“We must follow,” said the girl. Her voice was husky.
“Yes, we must follow, not for the green gold, but for him,” said Gordon Duncan.
“I have learned since,” said the old man, after a long silence, “that those strange implements, dishes and ornaments, coming as they do from the long lost past, are worth many times their weight in yellow gold.
“It is this that I would tell him, and that it is not good for him to live alone; that in the end disaster must befall him here, just as it did to the lone moose back there in our native forest.”
Faye found herself greatly impressed by her grandfather’s story. She was as puzzled as he by the actions of the recluse, and as eager to follow his trail. Only one thought dampened her ardor. Every mile that led away from this mountain seemed to lessen their hopes of ever seeing Johnny Longbow again. Yet fate is often very strange.
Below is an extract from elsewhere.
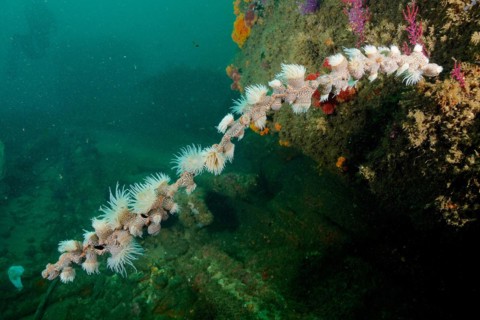 Tiger anemone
She slept well that night, and woke early, to find herself on tiptoe, filled with a desire to be away. To their great joy they found their new found Indian friends eager to join them.
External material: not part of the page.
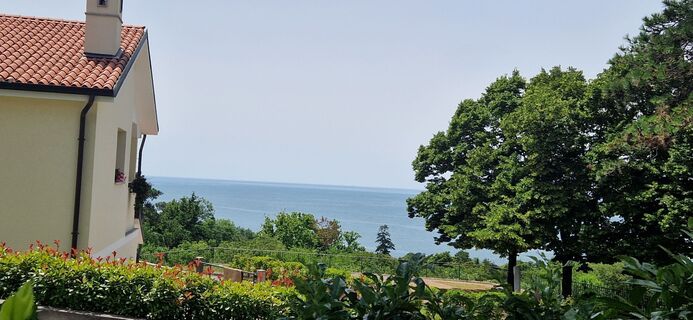 Foto von Utassy Tóth Johanna entlang der Tour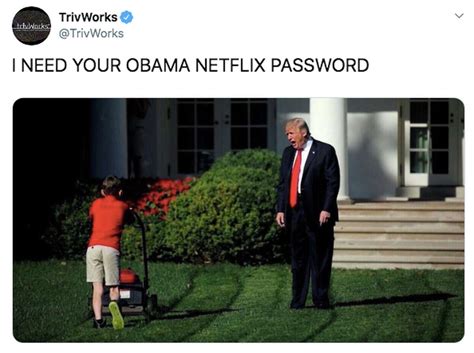 Trumps Obama Netflix Tweet Backfires As Social Media Has A Field Day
“Their dogs will be of great service in following the trail,” said Gordon Duncan as he hurried through final preparations for what, they both felt, was to be a long and dangerous march.
Dangerous indeed it proved in the end.
Dawn found Gordon Duncan and his granddaughter with two of the Indian men and their best dog team on the up-bound trail. The Indian women and children remained behind. They had a supply of food. Caribou would soon be trekking northward. The air would be full of wild fowl, geese, ducks, swans, cranes. Spring was on the way. They would not want.
For the first hour and a half of the journey the native dog-team lagged. They must be urged forward. But, of a sudden, as they reached a higher level, they put their noses to the earth, sniffed two or three times, then went straight away at a brisk trot.